Haibun: Lessons


Two of the lessons that my fifth-grade teacher taught me I’ve never forgotten. That’s because Mrs. Pearl Shirley liked to speak in aphorisms, which, as far as I know, she made up herself, and which she drummed into my brain by quoting them in her classroom several times a day.
 
“You’d better get on the stick before the stick gets on you,” Mrs. Shirley said to students who were dawdling or off task. She meant that there would be consequences for inaction.
 
That aphorism came to mind a few years ago when I was planning where to travel. I found airfare to Copenhagen for the bargain price of $678 in March, while airfare at that time to most other European capitals was running $800-$900. But I didn’t get on the stick, and by the time I had finally decided to purchase the tickets, they were no longer available.
 
“You’d better use your head for something besides a hat rack,” Mrs. Shirley said to students who shrugged their shoulders and said, “I don’t know,” when she asked them a question about the lesson. Mrs. Shirley meant that one’s head is more than a decorative appendage; it’s to be used for a high and noble purpose—thinking. A mind, some wise person said, is a terrible thing to waste.
 
From the ripened plum,
from the raven’s tailfeather,
let there be stories!

 

Haibun © by Magical Mystical Teacher

Posted on September 13, 2020, in 5-7-5, haibun, haiku, Poets & Storytellers United and tagged . Bookmark the permalink. 15 Comments.

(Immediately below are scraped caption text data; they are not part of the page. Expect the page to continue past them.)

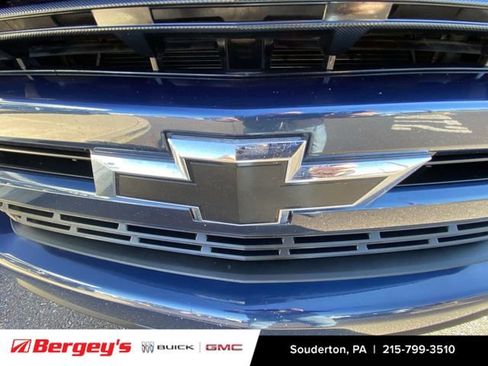 Used 2021 Chevrolet Silverado 1500 RST image 34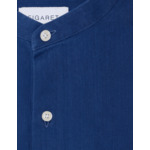 Chemise Lucien en denim bleu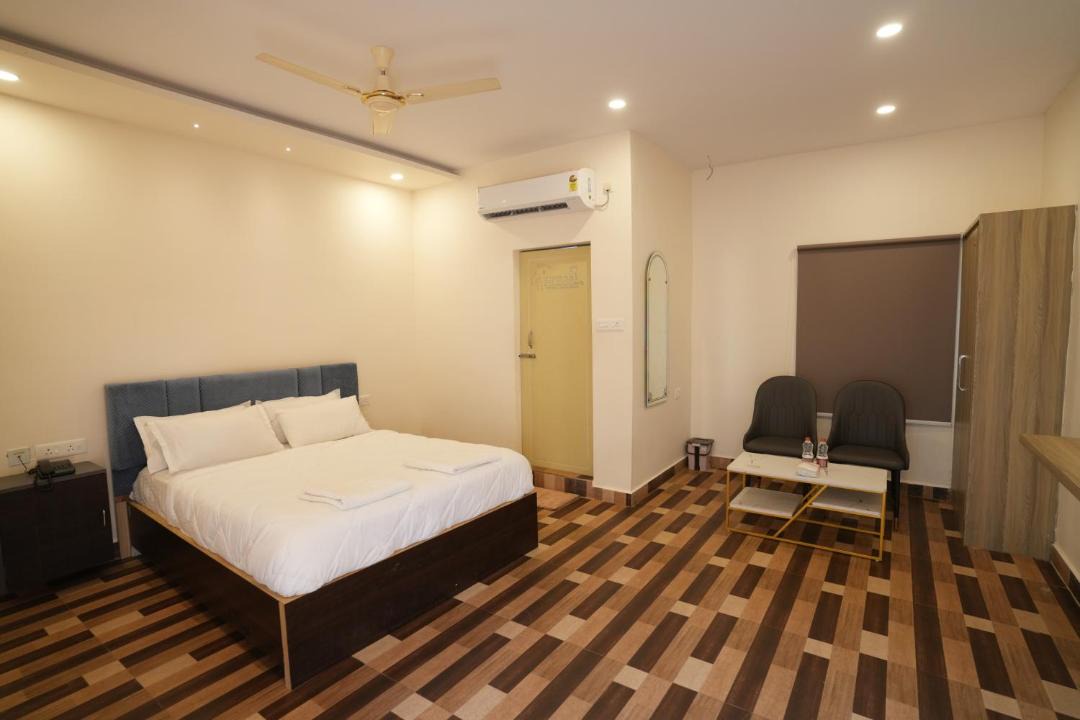 Photo of Bedroom in Visakhapatnam
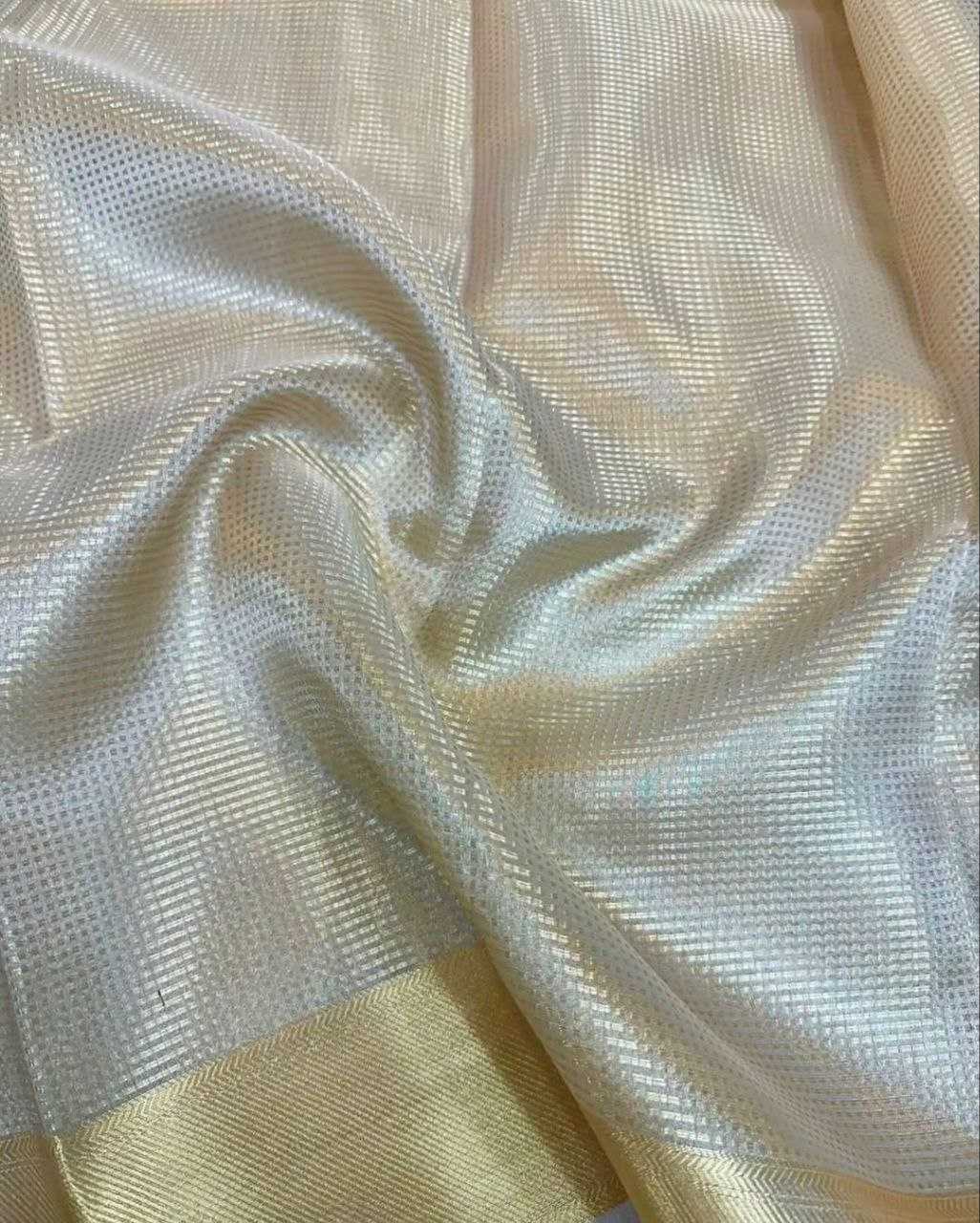 Ksa Fancy KESH464 NAYAN THARA Sarees Wedding Collections Bollywood Collections Wholesale Designer Sarees Zari Sarees Nayanthara Manufacturer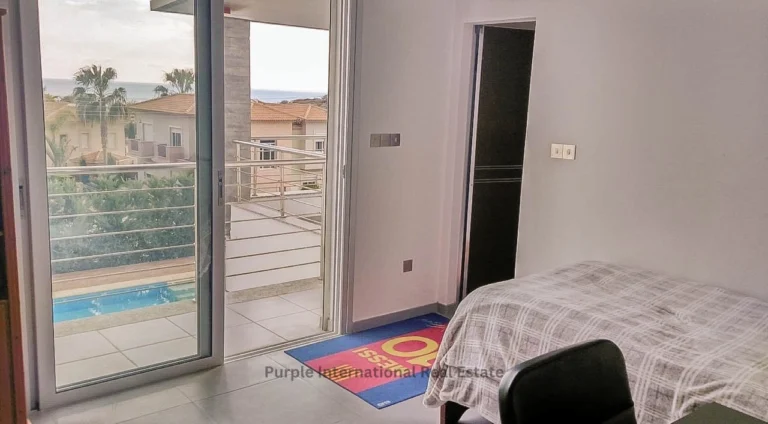 4 Bedroom House for Sale in Agios Tychonas, Limassol District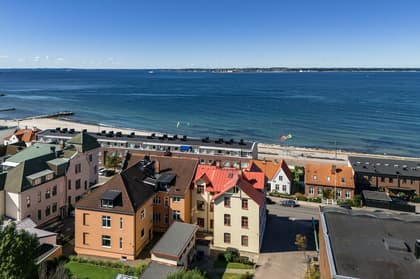 Bild av närområdet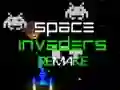 Jwèt Refèktiv Space Invaders sou entènèt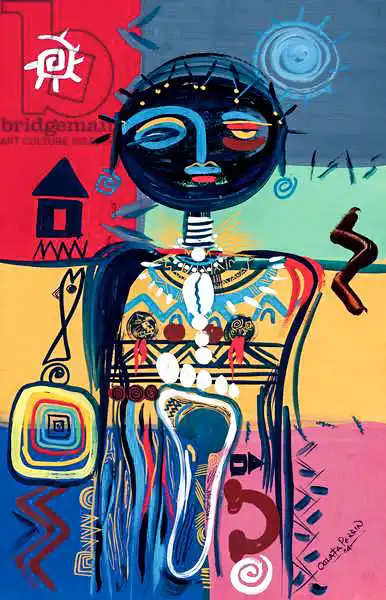 Perrin, Oglafa Ebitari: Dreaming of Africa, 2004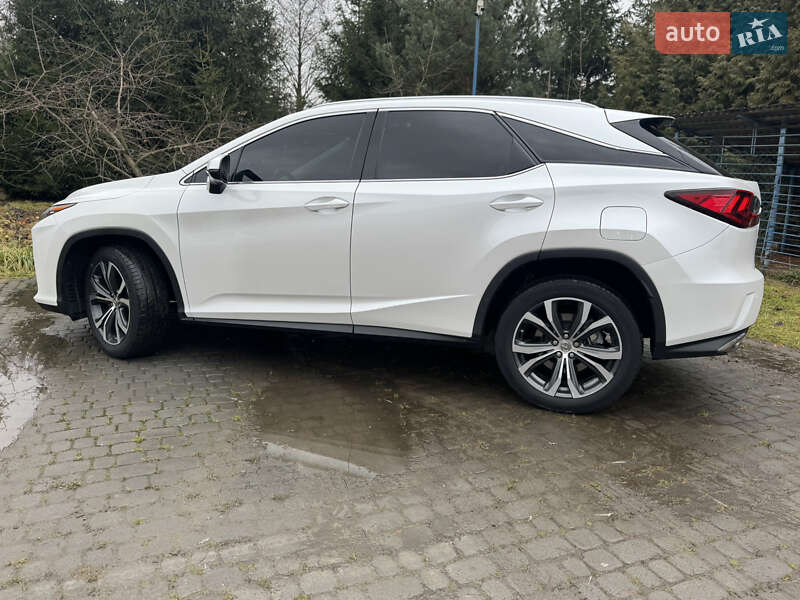 Внедорожник / Кроссовер Lexus RX 2015 в Пустомытах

  1. I am sure we all have memories of teachers whose mannerisms, advice or care still come to mind. I had a Latin teacher and he thought little of me but did manage to give me a lasting memory as Latin was not my favorite subject when he said to me once while I was not attending to what he was saying ”Kimber, you are less than dust under my chariot wheels” as his mind was clearly on Latin Rome and would no doubt like to see me in the Colosseum.

    • magicalmysticalteacher

      Thank goodness you escaped having to face gladiators or lions in the Colosseum! We would have missed your wit and wisdom.

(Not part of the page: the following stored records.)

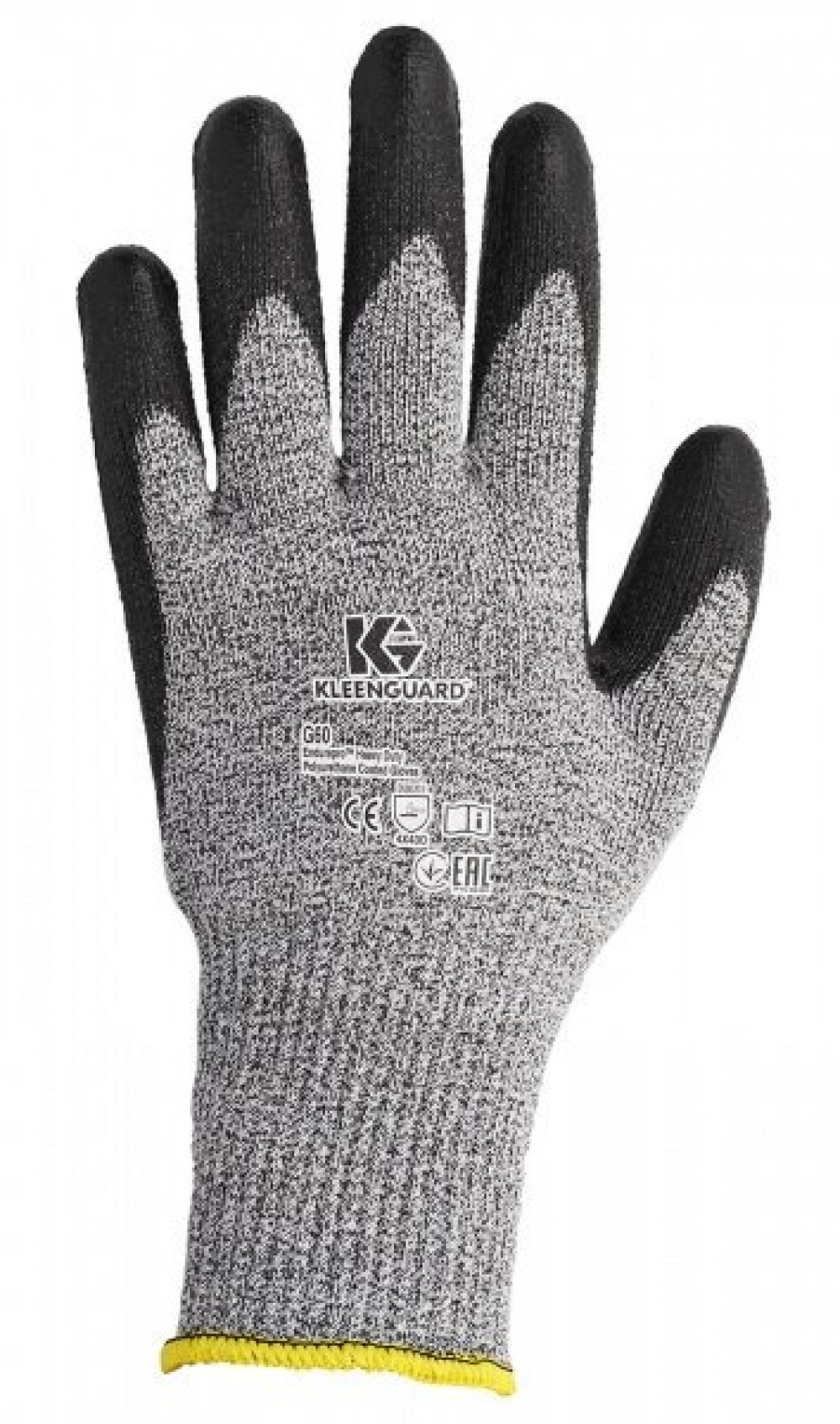 Перчатки с защитой от порезов 5-го уровня  JACKSON SAFETY* G60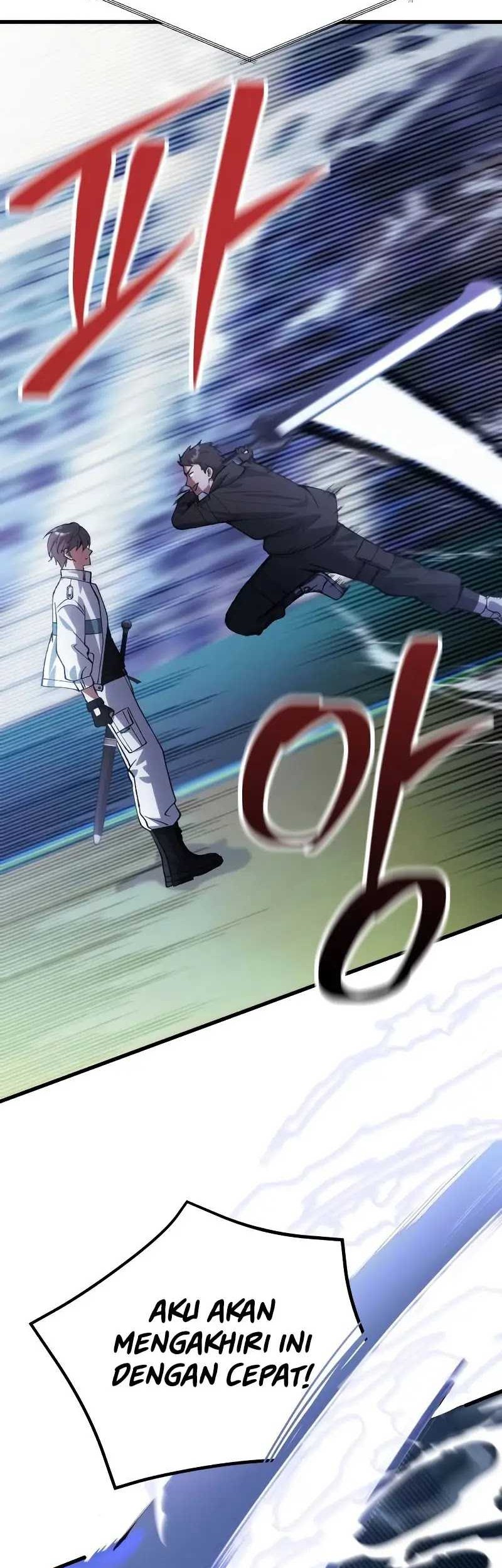 The Heavenly Demon’s Descendant Chapter 27 Gambar 55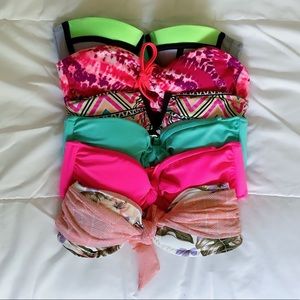 Bikini Bandeau Bundle!!
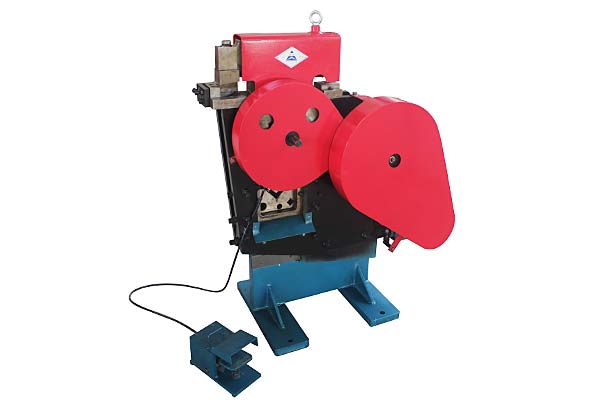 QA32-8 Metal Punching and Shearing Machine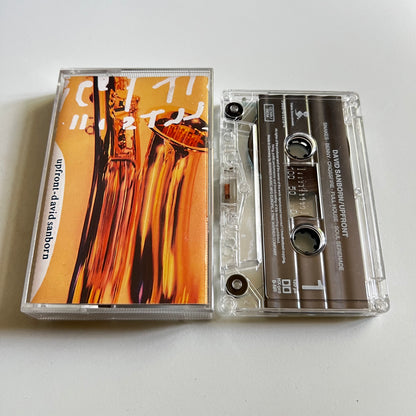 David Sanborn - Upfront - 1992
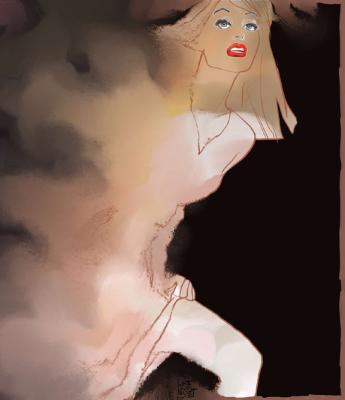 My lovely ghost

      On Sun, Sep 13, 2020 at 4:43 AM Magical Mystical Teacher wrote:

      >

  2. It’s all source, isn’t it, Teach? I had one of those, too: sixth-grade (ages ago) teacher Mr Robert Blake, who somehow knew I could read & comprehend literature my classmates wouldn’t even encounter until at least High School & brought me books from his home library to read while others were still doing The Hardy Boys & Nancy Drew for entertainment.
    Great Haibun!

    PS Typo in your title?

    • magicalmysticalteacher

      Pesky typos! Thanks, Ron, for catching it. I was weary when I cobbled this story together—and still am. Bless teachers like your Mr. Robert Blake, teachers who see their students as individuals, and know just what that individual student needs to shine.

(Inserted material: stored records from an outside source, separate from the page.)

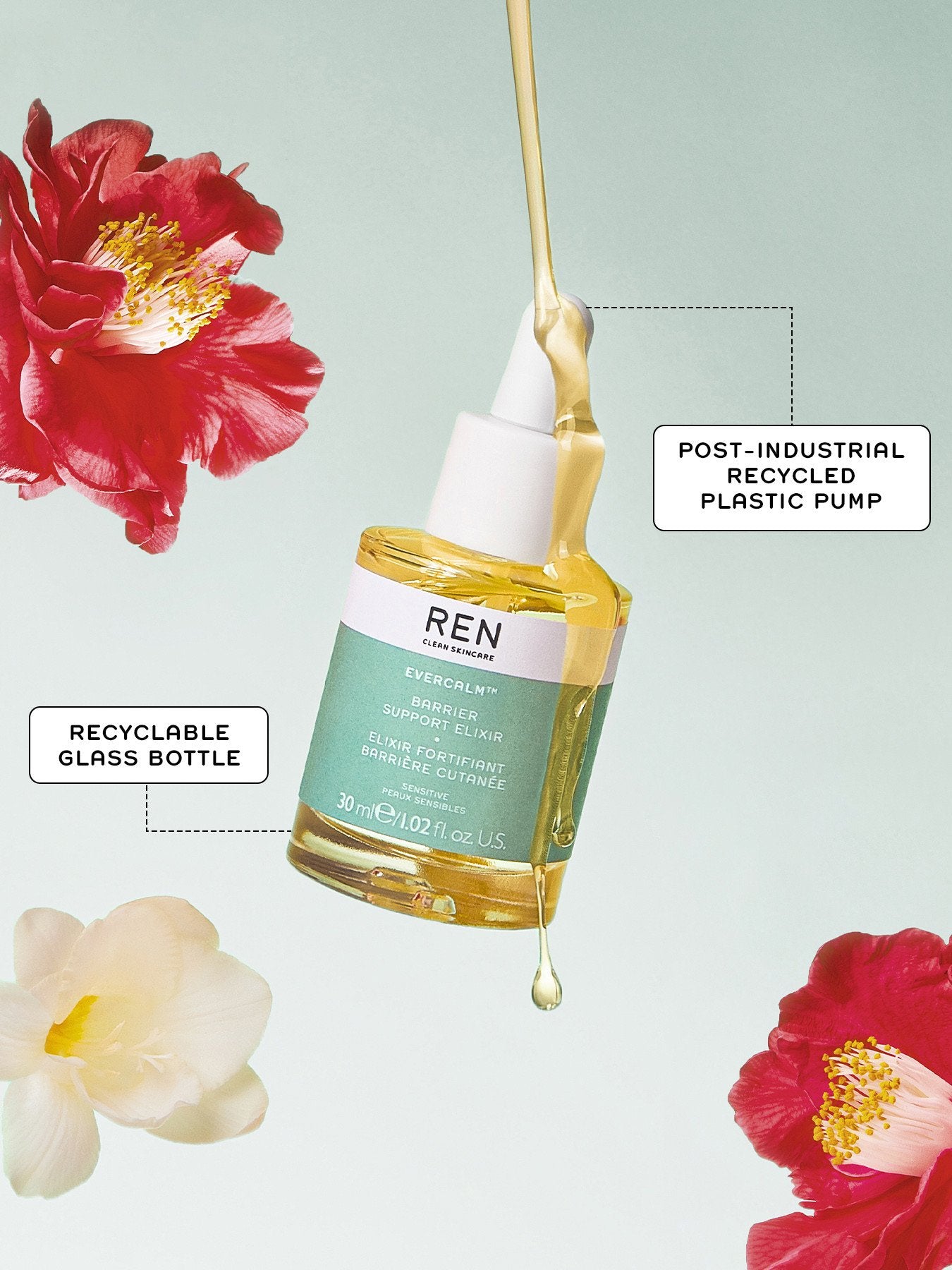 Evercalm Barrier Support Elixir 30ml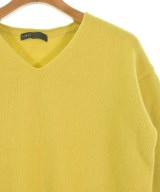 NOBLE（ノーブル）ニット・セーター 黄 サイズ:F レディース/2200655008040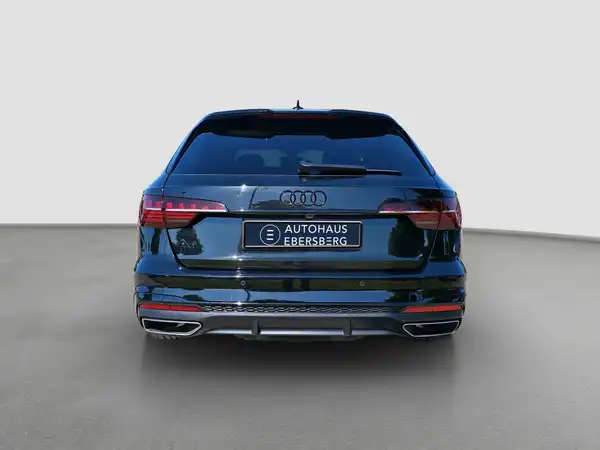 AUDI A4 Avant g-tron S line Tour Business ACC Connect Navi+ MATRIX (6/17)
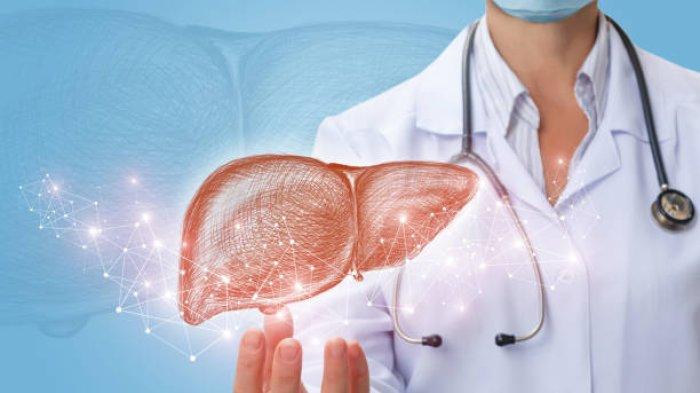 Ilustrasi alami gangguan liver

      On Sun, Sep 13, 2020 at 5:19 AM Magical Mystical Teacher wrote:

      >

  3. WOW i enjoyed your fantastic haibun.
    What stand out in my mind is “The way of the transgressor is exceedingly difficult” that was a line we got to write hundreds of times in dentention at high school.
    Happy Sunday

    Much💛love

    • magicalmysticalteacher

      The things you have to write again and again, you hardly ever forget. That said, I think it’s cruel and unusual punishment for teachers to make students write the same phrase repeatedly.

      On Sun, Sep 13, 2020 at 6:15 AM Magical Mystical Teacher wrote:

      >

  4. Colleen@ LOOSELEAFNOTES

    I’m confused about euphemisms, aphorisms and idioms but I like the head/hat rack one.

  5. Wise teacher! I LOVE the haiku!!!

  6. Reblogged this on Frank J. Tassone and commented:
    #Haiku Happenings #5: MMT’s latest #haibun!

  7. Minds (and heads, too) are certainly terrible things to waste. Best to grab that raven’s feather. And let the tales fly!

  8. This is a stellar haibun …. stellar (I used my head to write this.)

  9. Although I’m not a teacher, I know I would have liked Mrs Shirley!…:)jp

  10. I enjoyed the anecdotes and teacherly wisdom … but most of all I love the haiku.

  11. Oh, I like Ms. Shirley. She sounds like a no-nonsense kind of teacher. She must have done well … just look at you!!

  12. Indeed, the stories and the wisdom of words. What life would be like without stories or aphorisms.